Killed for his conscience or for treason?

Photo credit: Todd Atticus; Permission from Fathers of the Oxford Oratory granted

This wall-painting, or mural, in the Oxford Oratory Church of St Aloysius Gonzaga on Woodstock Road depicts one of the most famous of Oxford’s martyrs and a Catholic saint, Edmund Campion.

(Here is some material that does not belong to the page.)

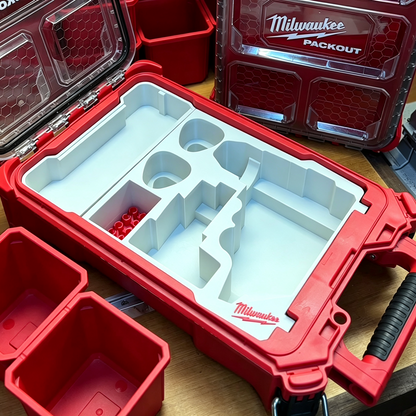 3D Printed Insert for Milwaukee Packout 8435 — M12 3404 FPD2 Impact Drill Organizer, Double-Layer Parts Box & 3 Battery Slots, White PETG
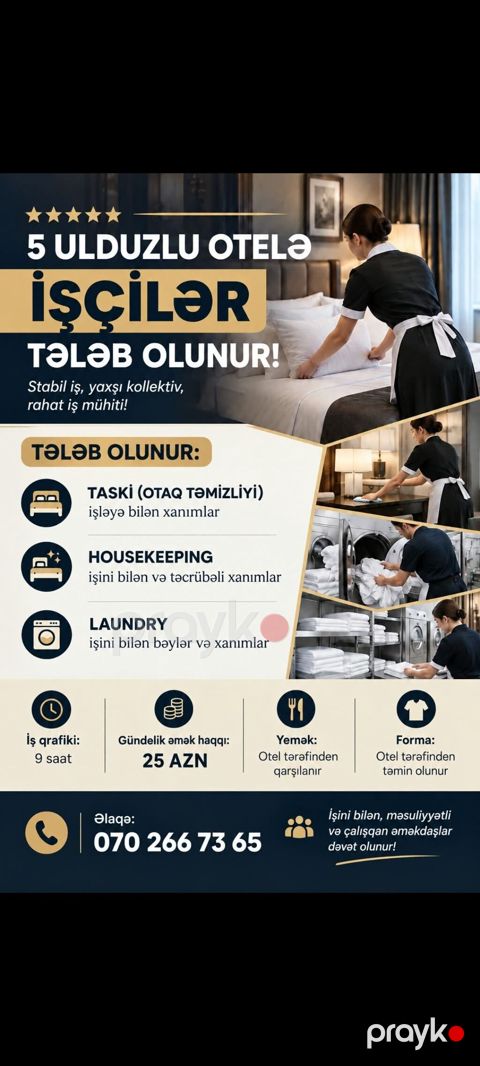 Xadimə tələb olunur, Gündəlik ödəniş, İstənilən yaş, Təcrübəsiz — Bakı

When Elizabeth I visited Oxford in 1566, Edmund Campion, a Fellow of St John’s College, welcomed her on the University’s behalf. Soon afterwards, however, he left England and became a member of a Catholic religious Order, the Jesuits. In 1580, he returned with two other Jesuits on a secret and dangerous mission to minister to the beleaguered Catholics. By this time Elizabeth had been excommunicated by the Pope, who also called for her deposition; her enemies at home and abroad pinned their hopes on her imprisoned Catholic cousin, Mary, Queen of Scots. In Catholic houses, Campion preached and celebrated the Mass. In Oxford he had copies of his pamphlet ‘Ten Reasons’ [Rationes Decem] explaining why he could not be a Protestant, provocatively placed in the University Church of St Mary the Virgin. Both these actions were illegal in a Protestant State.

Following his capture, Campion was tortured, condemned for treason, and then in December 1581 executed. This mural tells the story of his life from his time in Oxford to his death in London. Here he is depicted standing before Queen Elizabeth in 1566, writing in Rome, travelling back to England, and then being hung, drawn, and quartered. Campion was made a saint by the Catholic Church in 1970. He was one of some 300 Elizabethan Catholics who died on account of their faith.